Word for word, write the lines below out again, with no pictures.

> **Information shown**
++++

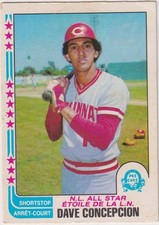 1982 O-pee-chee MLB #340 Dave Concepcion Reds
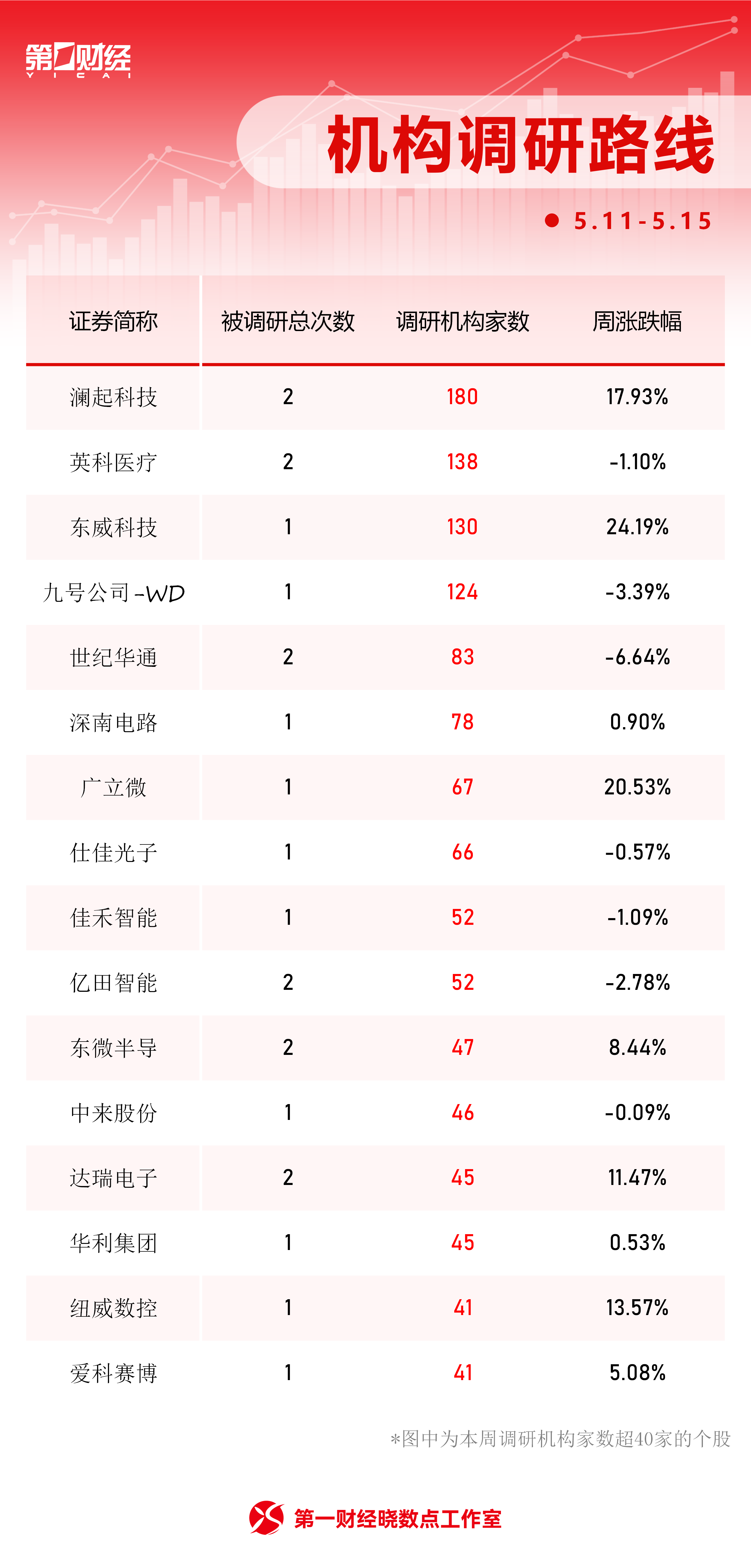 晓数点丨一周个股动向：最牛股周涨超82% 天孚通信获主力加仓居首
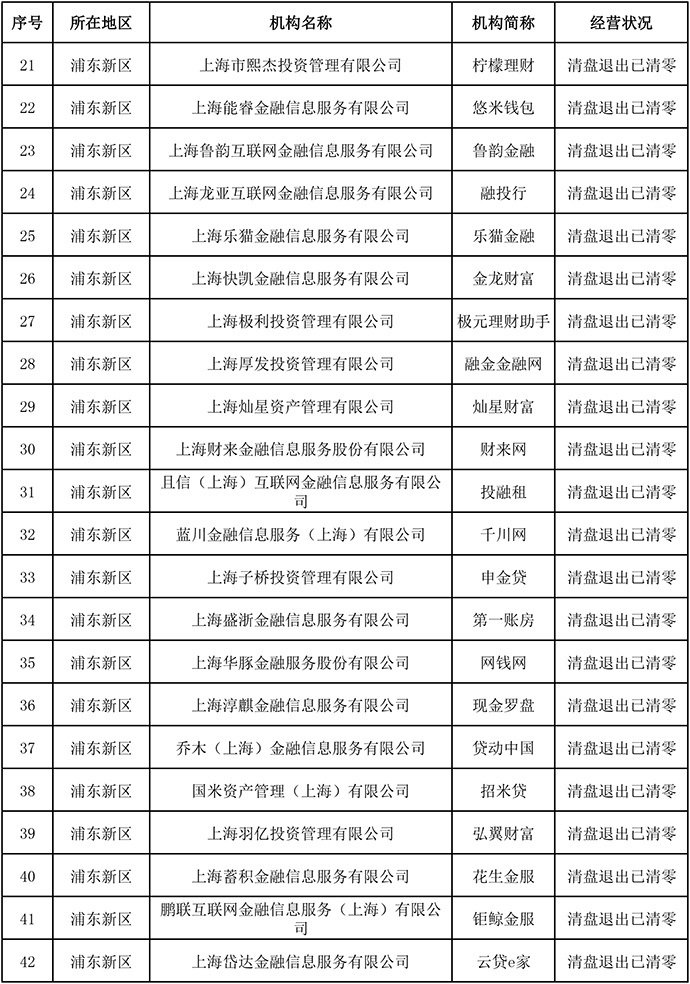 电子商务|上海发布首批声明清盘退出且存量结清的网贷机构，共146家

++++

> **Reply**
 1982 O-pee-chee MLB #340 Dave Concepcion Reds
 晓数点丨一周个股动向：最牛股周涨超82% 天孚通信获主力加仓居首
 电子商务|上海发布首批声明清盘退出且存量结清的网贷机构，共146家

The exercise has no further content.